● **TASK REQUIREMENTS**: Your answer must be the lines from the top of the listing below through the line that holds "Jeune homme tenant", retyped exactly, with no pictures.

● **DATA SHOWN**:
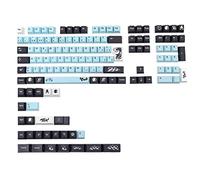 Layout Keycap Set 134 Key Cherry Profile PBT 5 lati per tastiera meccanica per 61/87/104/108 Keys blu e nero per tastiera meccanica Cherry Proile Altezza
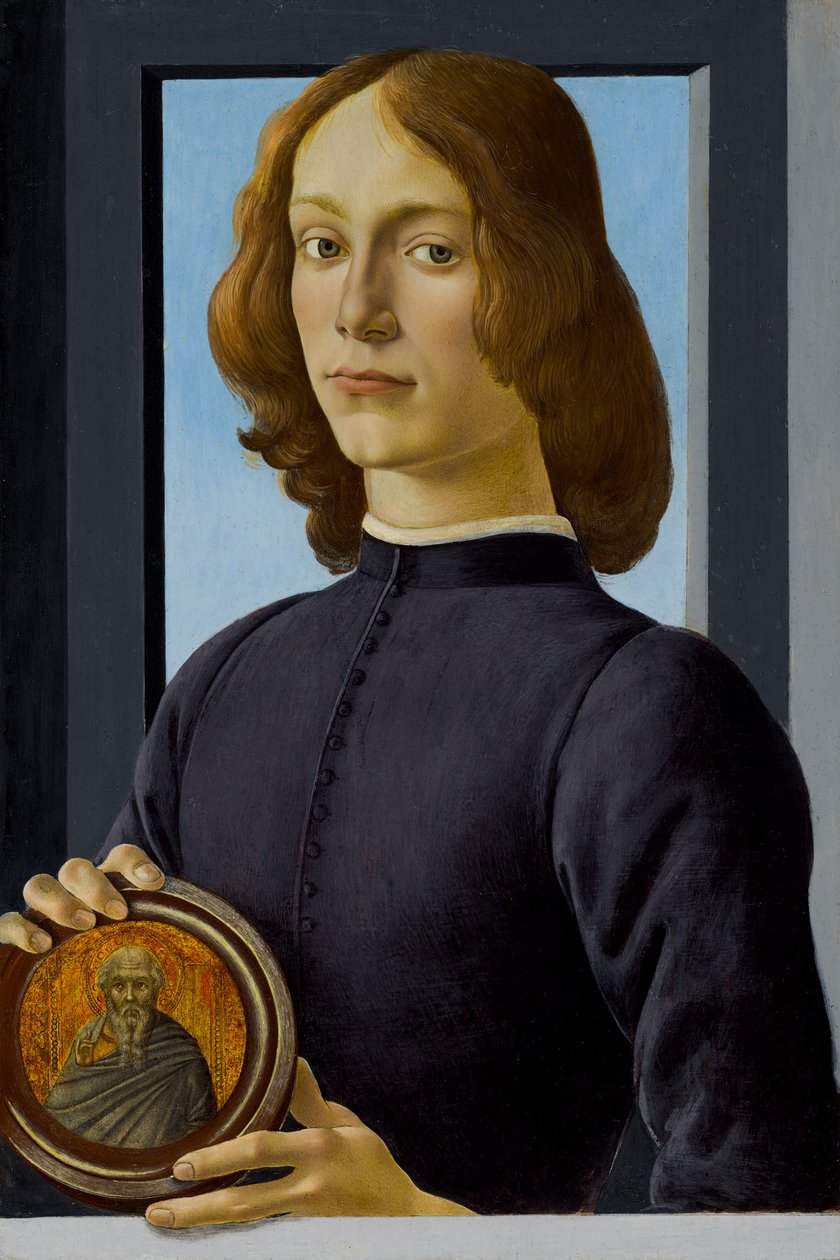 Jeune homme tenant un médaillon, vers 1480 - Sandro Botticelli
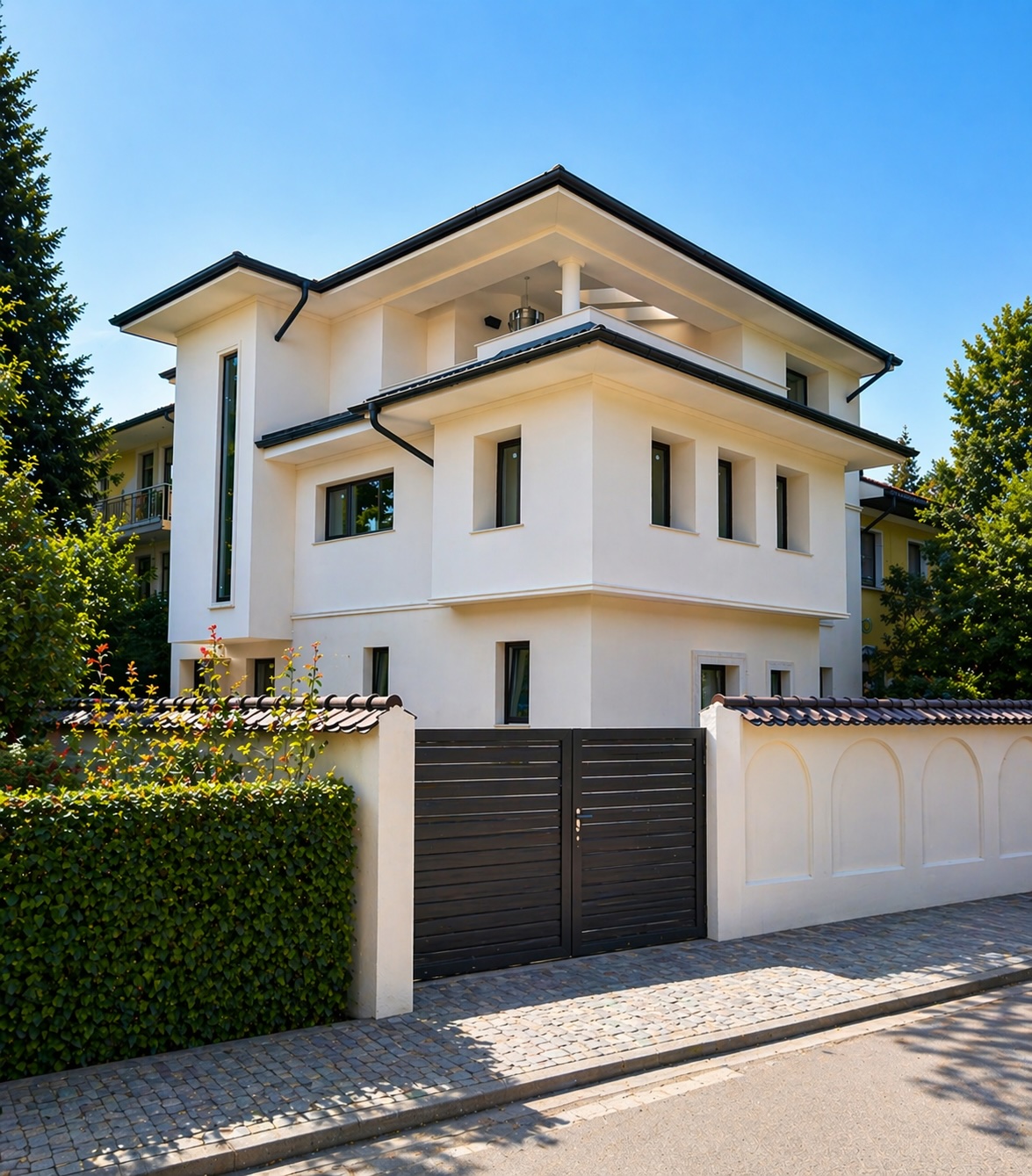 Herastrau 28 — contemporary villa with modernist lines behind a walled garden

● **TASK OUTPUT**:
 Layout Keycap Set 134 Key Cherry Profile PBT 5 lati per tastiera meccanica per 61/87/104/108 Keys blu e nero per tastiera meccanica Cherry Proile Altezza
 Jeune homme tenant un médaillon, vers 1480 - Sandro Botticelli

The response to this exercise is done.